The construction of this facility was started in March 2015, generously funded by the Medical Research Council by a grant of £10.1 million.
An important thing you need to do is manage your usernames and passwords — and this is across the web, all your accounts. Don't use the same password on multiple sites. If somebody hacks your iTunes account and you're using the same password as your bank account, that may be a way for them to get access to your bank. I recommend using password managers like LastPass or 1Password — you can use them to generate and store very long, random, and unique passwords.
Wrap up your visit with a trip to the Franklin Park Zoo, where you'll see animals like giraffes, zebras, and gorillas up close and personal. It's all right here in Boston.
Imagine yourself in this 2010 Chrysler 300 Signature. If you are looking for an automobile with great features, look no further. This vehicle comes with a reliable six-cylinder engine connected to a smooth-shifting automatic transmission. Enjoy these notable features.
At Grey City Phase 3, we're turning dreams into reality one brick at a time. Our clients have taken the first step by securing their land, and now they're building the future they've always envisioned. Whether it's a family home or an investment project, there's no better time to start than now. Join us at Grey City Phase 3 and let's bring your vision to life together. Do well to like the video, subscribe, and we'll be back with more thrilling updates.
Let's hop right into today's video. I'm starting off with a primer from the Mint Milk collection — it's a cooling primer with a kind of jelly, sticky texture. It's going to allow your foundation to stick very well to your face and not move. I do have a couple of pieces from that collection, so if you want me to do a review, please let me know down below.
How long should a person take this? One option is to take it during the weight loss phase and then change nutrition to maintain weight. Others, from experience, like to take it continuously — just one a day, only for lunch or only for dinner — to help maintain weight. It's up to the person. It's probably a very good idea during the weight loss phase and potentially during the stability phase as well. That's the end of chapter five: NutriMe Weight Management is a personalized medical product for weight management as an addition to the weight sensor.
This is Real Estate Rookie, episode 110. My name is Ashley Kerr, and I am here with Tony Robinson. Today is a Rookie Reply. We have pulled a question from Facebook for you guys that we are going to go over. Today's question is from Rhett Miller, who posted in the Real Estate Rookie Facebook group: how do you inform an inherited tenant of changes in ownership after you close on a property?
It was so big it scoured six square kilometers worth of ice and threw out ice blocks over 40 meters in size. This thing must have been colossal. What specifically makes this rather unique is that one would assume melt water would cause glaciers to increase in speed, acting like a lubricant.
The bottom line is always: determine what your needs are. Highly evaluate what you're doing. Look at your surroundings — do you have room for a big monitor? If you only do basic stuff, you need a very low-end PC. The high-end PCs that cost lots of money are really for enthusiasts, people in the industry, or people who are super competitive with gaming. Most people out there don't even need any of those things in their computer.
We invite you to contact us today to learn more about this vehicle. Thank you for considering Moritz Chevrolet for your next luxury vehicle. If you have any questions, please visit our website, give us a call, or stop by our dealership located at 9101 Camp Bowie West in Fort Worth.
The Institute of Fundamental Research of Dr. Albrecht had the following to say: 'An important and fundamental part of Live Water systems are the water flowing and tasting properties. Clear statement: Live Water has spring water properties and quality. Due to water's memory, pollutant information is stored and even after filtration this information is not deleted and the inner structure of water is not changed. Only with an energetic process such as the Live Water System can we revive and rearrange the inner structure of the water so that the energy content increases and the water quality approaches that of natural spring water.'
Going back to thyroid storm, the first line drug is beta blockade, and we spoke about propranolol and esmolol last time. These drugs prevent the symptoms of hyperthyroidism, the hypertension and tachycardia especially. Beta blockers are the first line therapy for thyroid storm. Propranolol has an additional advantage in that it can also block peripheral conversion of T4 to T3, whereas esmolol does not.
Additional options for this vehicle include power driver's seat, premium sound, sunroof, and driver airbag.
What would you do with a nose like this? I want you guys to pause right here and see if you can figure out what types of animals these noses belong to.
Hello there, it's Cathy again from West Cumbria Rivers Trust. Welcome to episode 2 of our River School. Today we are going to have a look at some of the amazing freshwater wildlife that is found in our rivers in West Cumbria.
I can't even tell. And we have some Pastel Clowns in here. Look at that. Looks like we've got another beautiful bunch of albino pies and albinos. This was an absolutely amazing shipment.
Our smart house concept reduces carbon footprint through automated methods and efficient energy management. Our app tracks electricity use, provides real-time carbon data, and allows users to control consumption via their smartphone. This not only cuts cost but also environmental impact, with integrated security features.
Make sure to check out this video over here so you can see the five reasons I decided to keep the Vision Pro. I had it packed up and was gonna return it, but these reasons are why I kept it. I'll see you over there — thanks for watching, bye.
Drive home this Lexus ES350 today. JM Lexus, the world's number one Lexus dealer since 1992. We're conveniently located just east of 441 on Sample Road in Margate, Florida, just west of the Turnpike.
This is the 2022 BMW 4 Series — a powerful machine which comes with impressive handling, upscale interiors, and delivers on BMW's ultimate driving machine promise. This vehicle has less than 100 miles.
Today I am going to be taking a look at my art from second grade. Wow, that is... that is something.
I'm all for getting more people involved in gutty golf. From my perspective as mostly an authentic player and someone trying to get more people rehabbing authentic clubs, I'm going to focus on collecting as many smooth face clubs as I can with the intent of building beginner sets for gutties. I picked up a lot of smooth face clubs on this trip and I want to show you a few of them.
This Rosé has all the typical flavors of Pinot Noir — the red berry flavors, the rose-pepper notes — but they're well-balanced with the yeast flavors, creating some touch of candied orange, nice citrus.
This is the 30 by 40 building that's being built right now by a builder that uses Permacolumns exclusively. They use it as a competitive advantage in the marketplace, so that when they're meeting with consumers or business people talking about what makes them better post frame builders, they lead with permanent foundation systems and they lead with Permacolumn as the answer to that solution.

____

§ DESCRIPTION OF THE TASK:
Note each line of the material holding "into" and copy it out.

§ ANSWER TO THE PROBLEM:
At Grey City Phase 3, we're turning dreams into reality one brick at a time. Our clients have taken the first step by securing their land, and now they're building the future they've always envisioned. Whether it's a family home or an investment project, there's no better time to start than now. Join us at Grey City Phase 3 and let's bring your vision to life together. Do well to like the video, subscribe, and we'll be back with more thrilling updates.
Let's hop right into today's video. I'm starting off with a primer from the Mint Milk collection — it's a cooling primer with a kind of jelly, sticky texture. It's going to allow your foundation to stick very well to your face and not move. I do have a couple of pieces from that collection, so if you want me to do a review, please let me know down below.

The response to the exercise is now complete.